Friday, June 12, 2009

Trinity Sunday & the Athanasian Creed

At Necessary Roughness is an interesting post on Trinity Sunday. His pearl illustration, in which he compares the writing of the Athanasian Creed to the formation of a pearl, generates some helpful thinking, but it is generated by thinking that is not quite accurate.

As he indicates, a pearl is the product of covering over of something that is foreign and harmful to the oyster. But the Creed is not like this. Rather than a covering over of a foreign and harmful substance in the body of Christ with an inanimate and innocuous material, the Creed is an exposition of the all-powerful Truth, which actually exposes and expels what is foreign and harmful.

It seems that the most common response to the Athanasian Creed is to call it a refutation of the various heresies. It certainly was written in response to these, but not with refutation as the foundation. The Creed is written as an exposition of the true and catholic faith, without which salvation cannot be given and received.

When a person reads or recites this creed, what is encountered is not a refutation of falsehood, but a confession of the Truth.
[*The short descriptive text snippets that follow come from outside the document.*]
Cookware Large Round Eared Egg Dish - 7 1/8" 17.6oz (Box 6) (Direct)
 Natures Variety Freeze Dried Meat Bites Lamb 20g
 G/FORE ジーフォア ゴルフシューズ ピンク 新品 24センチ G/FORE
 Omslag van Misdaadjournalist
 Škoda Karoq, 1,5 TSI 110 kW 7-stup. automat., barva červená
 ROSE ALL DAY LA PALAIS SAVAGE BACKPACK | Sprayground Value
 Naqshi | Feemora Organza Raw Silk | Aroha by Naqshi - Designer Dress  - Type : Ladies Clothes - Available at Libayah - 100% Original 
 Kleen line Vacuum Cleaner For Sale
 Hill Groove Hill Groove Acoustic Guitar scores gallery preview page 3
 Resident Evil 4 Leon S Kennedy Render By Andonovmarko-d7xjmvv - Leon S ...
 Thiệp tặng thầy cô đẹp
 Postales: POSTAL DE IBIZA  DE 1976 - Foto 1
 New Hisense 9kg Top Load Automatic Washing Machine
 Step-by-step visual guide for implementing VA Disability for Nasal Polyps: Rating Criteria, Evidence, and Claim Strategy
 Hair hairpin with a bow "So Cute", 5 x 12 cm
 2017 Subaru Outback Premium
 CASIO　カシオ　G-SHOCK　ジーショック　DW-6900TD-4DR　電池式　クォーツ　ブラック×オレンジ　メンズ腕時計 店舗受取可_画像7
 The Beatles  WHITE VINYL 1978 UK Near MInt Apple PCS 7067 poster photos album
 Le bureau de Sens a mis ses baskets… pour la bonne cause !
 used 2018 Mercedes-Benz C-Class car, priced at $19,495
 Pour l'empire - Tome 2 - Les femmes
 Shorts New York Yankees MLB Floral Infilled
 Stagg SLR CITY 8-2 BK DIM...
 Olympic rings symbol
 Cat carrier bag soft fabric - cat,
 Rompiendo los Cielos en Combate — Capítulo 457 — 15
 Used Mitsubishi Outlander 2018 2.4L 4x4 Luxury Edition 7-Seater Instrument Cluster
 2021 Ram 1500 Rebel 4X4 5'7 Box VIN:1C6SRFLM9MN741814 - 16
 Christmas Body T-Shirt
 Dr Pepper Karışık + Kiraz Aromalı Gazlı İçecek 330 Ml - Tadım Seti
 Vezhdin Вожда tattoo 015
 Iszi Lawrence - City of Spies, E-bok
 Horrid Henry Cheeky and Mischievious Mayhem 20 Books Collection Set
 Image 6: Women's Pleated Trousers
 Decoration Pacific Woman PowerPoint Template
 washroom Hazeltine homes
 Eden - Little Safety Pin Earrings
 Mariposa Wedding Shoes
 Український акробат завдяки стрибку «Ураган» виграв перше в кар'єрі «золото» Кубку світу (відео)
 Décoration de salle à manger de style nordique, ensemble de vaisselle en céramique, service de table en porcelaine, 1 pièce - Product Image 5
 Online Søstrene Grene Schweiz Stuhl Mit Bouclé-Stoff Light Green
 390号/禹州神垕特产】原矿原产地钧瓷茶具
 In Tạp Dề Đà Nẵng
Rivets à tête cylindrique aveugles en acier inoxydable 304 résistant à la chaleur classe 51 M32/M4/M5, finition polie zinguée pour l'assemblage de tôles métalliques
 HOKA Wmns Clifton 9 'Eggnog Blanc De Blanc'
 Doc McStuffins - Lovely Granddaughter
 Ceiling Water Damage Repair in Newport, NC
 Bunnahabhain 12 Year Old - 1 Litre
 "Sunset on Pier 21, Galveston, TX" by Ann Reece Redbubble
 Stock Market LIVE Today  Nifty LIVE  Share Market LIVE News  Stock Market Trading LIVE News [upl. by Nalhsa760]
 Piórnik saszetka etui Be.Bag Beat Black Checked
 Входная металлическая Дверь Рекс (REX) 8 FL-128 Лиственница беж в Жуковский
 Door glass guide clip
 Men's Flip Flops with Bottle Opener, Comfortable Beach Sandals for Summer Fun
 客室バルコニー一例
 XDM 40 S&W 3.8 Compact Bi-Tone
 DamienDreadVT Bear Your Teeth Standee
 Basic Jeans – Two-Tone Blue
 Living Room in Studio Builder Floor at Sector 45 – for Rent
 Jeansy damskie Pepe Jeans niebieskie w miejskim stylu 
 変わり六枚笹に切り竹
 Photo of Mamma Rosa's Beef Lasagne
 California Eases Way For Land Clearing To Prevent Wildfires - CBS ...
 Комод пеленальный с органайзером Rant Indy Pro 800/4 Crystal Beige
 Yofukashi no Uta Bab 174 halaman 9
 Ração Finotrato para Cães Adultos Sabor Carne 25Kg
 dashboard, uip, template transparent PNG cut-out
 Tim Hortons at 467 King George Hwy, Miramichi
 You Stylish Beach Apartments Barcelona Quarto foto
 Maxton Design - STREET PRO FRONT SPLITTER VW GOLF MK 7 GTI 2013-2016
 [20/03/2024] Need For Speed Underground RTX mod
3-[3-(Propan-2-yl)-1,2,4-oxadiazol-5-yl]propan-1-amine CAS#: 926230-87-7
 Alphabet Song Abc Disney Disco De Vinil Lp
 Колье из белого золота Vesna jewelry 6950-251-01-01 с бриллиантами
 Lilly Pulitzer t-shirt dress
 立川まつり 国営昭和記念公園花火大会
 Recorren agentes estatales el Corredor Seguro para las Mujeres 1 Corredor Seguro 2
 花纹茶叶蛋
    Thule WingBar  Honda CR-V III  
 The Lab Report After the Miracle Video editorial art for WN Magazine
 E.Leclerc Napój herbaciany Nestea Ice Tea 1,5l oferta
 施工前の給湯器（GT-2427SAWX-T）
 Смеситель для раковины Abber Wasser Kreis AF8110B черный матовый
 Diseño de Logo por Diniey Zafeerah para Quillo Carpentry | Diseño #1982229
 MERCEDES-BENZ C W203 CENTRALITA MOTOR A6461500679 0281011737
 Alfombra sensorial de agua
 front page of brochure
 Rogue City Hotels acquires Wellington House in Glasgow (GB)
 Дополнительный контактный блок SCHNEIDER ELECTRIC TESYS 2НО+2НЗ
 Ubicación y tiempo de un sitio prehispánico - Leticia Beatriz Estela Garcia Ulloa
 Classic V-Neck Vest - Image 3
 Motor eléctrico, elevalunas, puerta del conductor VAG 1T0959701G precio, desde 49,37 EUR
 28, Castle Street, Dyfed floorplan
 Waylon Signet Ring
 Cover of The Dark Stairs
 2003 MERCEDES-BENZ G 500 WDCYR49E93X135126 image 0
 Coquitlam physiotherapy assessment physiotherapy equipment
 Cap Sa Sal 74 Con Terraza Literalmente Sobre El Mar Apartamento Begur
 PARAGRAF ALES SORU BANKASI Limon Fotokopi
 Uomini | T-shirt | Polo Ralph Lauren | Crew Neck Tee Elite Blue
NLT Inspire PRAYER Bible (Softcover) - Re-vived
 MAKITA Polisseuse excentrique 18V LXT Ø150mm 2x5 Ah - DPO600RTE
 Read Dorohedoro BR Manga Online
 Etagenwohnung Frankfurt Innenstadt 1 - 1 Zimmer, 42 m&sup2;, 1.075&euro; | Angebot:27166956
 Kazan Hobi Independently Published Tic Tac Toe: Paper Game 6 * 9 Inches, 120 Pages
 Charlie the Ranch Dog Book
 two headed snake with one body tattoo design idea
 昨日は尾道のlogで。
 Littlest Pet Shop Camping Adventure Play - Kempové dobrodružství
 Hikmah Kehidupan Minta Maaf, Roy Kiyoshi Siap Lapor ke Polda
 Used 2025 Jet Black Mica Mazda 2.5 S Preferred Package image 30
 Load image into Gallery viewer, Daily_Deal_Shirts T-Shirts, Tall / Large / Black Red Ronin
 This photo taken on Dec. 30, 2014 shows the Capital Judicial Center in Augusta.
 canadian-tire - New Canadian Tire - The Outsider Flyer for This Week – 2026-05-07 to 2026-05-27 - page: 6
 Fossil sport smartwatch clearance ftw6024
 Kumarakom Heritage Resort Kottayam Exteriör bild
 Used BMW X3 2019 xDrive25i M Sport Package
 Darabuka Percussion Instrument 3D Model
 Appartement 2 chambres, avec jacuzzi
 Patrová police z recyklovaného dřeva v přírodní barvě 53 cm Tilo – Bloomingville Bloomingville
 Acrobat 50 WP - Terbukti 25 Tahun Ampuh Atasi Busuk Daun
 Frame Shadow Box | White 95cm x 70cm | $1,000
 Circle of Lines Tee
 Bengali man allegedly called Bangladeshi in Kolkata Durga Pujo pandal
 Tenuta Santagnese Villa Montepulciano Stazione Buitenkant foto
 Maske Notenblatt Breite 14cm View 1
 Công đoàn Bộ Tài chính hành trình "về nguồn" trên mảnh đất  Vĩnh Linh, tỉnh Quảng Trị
The Creed is very much more than a refutation. The Truth always leaves falsehood refuted, simply by the light that is generated by the Truth. In the light, that which is false simply does not match that which is true.

The Creed is written as a confession of the catholic faith by which salvation is given and received. It is written for the purpose of edifying the body of Christ, for strengthening the weak and faltering. Those who refuse to receive this Creed are surely exposed by their rejection of the Truth as it is clearly stated, but that is a secondary function of the Creed.

It is a mistake to view the Ecumenical Creeds as means of keeping heresies and heretics out of the Church. Rather, they are declarations of what the Church really is, so that people may freely come to the source of the Truth and not have the true faith stolen from them by false prophets and by people’s own misunderstandings.

Conservative Lutheran church bodies have often presented the creeds and especially the Athanasian Creed as refutations of false doctrine. Because of this much legalistic thinking has prevailed amongst those holding such. Then the notion that the Bible is counted as the Word of God and that the Creeds and the Lutheran Confessions are counted as true expositions of the Word of God is counted as being equal to and truly holding and believing and living the true faith. This is what happened with the Pharisees and the scribes and Sadducees.

The true Church does not have as its business the refutation of falsehood. Rather, it is the living body of Christ, founded upon and gathered unto the Truth. Where the Truth is taught and guarded, all that is false is naturally perceived as false and foreign. Where the activity is continual confession and exposition of the Truth, falsehood has no foothold and those who prefer falsehood expose themselves. Such shall be acknowledged according to what their own works/confessions expose concerning them and they are thereby refuted and ultimately excommunicated. But this is actually a foreign work of the true Church and of the Creeds of the true Church.

It is notable that in the Gospel accounts the Lord Jesus is not reported as having given orders to the apostles or to the others who were sent out that they should refute falsehood. Rather He sends them forth to preach the Gospel to all who will receive their peace. He said that where that peace is rejected that they should simply depart and make clear in their leaving that they are not one with those who reject their peace, which is the peace of God in Christ.

In contrast, consider the immense amounts of energy wasted in the building and defense and reclaiming of people’s church bodies. Consider the amount of time and money and energy thrown away on evangelism programs and on trying to win souls for Christ. If only those professing to be the Church of the Creeds would live by them, not counting their confession of them as anything more than the Truth at work in them. Then they would be true gatherings unto the pure Word and Sacraments, rather than gatherings of mangled church bodies where fighting for the Truth is the order of the day.

The Athanasian Creed is not written to be used as a refutation of heresies, but as a confession of the true faith by which all men must be saved. Salvation, not refutation, is the foundation of the creeds. Since this salvation is unlike any other proclamation in the world, it stands in such stark contrast to everything else that the foreign notions, when exposed to the Truth’s light are by their very nature exposed as foreign and false. Anyone who truly knows the God of the Athanasian Creed naturally cringes at the hearing of anything else and will gather only to the proclamation of the catholic faith confessed in this creed.

This is the purpose and nature of the creeds.